Y mucho antes, mediáticamente hablando, estuvieron las niñas de Alcásser y el sufrimiento de los familiares transformado en alimento proteínico para los incipientes programas que viven y han vivido de dejar la intimidad en carne viva. Con Ana Orantes lo que viene, gracias al poder de persuasión de los medios, es el hartazgo y la necesidad de canalizarlo, generando el embrión de la ley de la violencia de género –que, al principio, fue dando tropezones hasta acabar de perfilarse: recuerdo casos en que no estaba claro si la expareja debía entrar en ese cuadro de los malos tratos domésticos o si el hecho de que una agresión se produjera en el portal de casa desvirtuaba esa idea de «violencia en el hogar»–. Hasta que todo quedó perfectamente delimitado: la expareja también entraba en la tipificación del delito y el escenario no podía restringirse a las cuatro paredes del domicilio conyugal.
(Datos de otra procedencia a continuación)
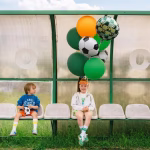 Balon din folie rotund avand un fundal cu model in sah in nuante de verde inchis si deschis decorat cu mingi de fotbal alb cu negru scheme tactice cu sageti albe si mesajul central Happy Birthday scris cu litere mari aurii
Pero –ay, la obsesión– dejar fuera a las víctimas de violación, entonces tema menor (insisto en que me refiero a comienzos de la década del 2000), pasaría factura, y ahí tenemos el caso de Diana Quer, donde hay violencia, hay premeditación… y no se considera violencia «de género» porque esas víctimas que no tenían relación afectiva, pasada o presente, con su victimario, quedaban a la sombra del reconocimiento y la sensibilidad sociales.

Pero me estoy yendo mucho más allá de lo que pretende ser una introducción. Porque, en el fondo, lo podría resumir muy fácilmente: si he estado investigando la violencia sexual en los medios de comunicación en los años 90 y comienzos del 2000 y dejé de hacerlo al no ser motivo noticial de referencia, acontecimientos como los de La Manada y otros casos sumamente mediáticos de violación grupal o individual, a menores y adultas, nos obliga a volver la vista atrás –al trabajo hecho– a la par que hacia delante –para matizar lo que entonces quedaba fuera del foco de interés o incluso de mi propia previsión–. No se trata tanto de una subsanación como de proponer miradas. En todo caso, considero que arrojar miradas supone, asimismo, explorar otros discursos que no se limitan solamente a lo mediático. En el fondo no será más que un pretexto para volver a hurgar en el lenguaje y en la interminable inercia de sus connotaciones, y así entender lo que somos en lo que fuimos.

[1] De hecho, en mi libro La violencia sexual y su representación en la prensa, el antecesor de este texto, utilizo indistintamente «violencia de género» y «violencia contra las mujeres», y por descontado en ambas incluyo el delito sexual.

[2] Byung-Chul Han, Topología de la violencia, Barcelona, Herder, 2016.